Friday, November 10, 2017

Low Down on \(T_{boom}\)

Sodium, \(Na\) \(density=9680\,kgm^{-3}\)  \(M_m=22.9898\,g/mol\) and \(Z=11\),

\(v_{boom}=3.4354*\cfrac{9680}{26}=1279.0\,ms^{-1}\)

\(T_{boom}=1279.0^2*\cfrac{22.9898*10^{-3}}{3*8.3144}=1507.73\,K\)

The boiling point of sodium being \(1156.090\,K\)

At its melting point (\(370.944\,K\)) its density is \(9270\,kgm^{-3}\)

\(v_{boom}=3.4354*\cfrac{9270}{26}=1224.9\,ms^{-1}\)

\(T_{boom}=1224.9^2*\cfrac{22.9898*10^{-3}}{3*8.3144}=1382.77\,K\)

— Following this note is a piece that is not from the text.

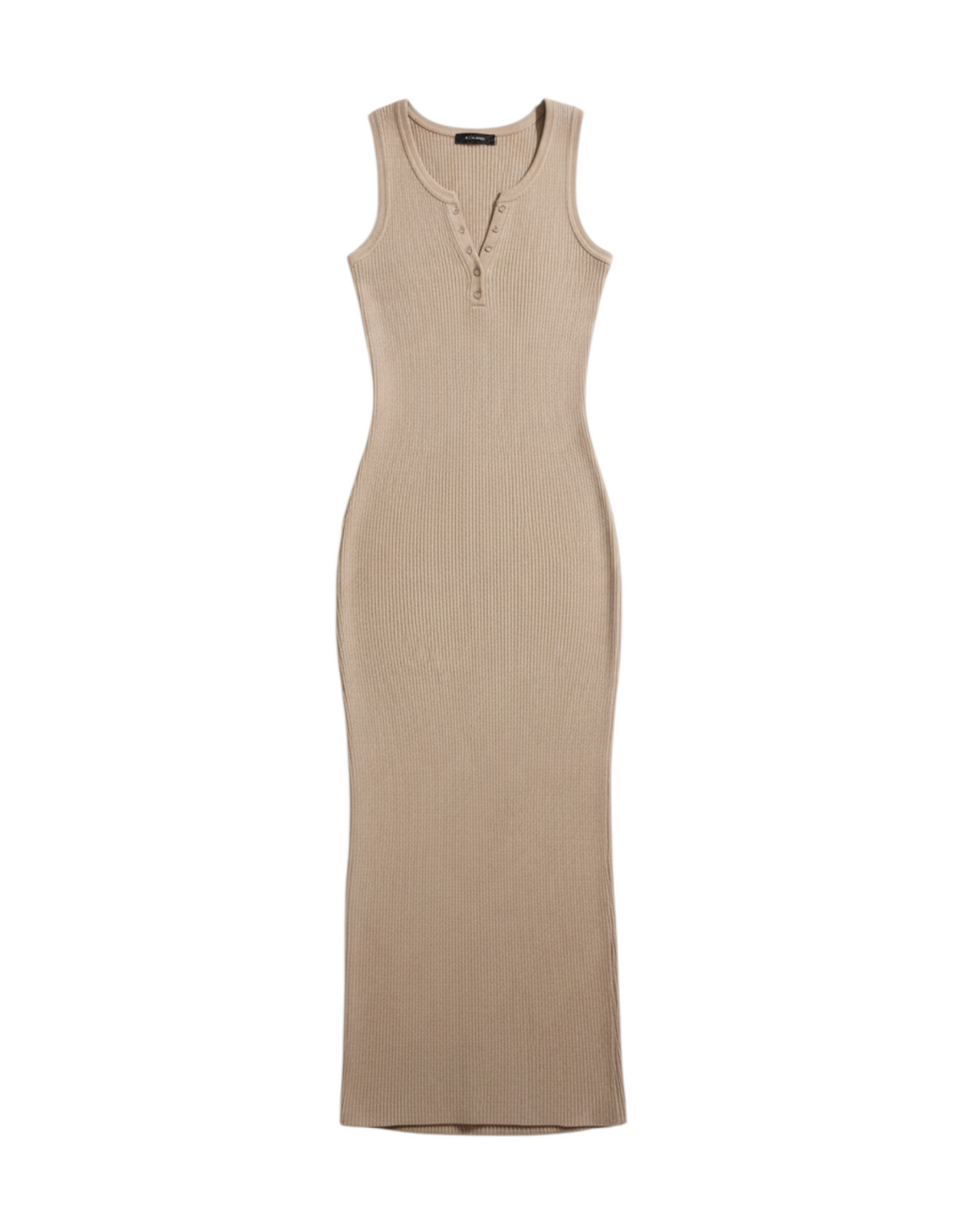 Vestido Largo de Manga Sin Mangas Color Beige con Botones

Maybe there can be a \(Na\) bomb, when it is completely vaporize at \(1507.73\,K\) exactly (very high yield!), but its density remains at \(9680\,kgm^{-3}\) because it is sealed completely ie, volume does not change and mass within the containment does not change.

Temperature is not \(T_{boom}\) as density changes with temperature, because density decreases with temperature and so does \(T_{boom}\).

Does \(T_{boom}\) indicate that a substance can be use as a fuel?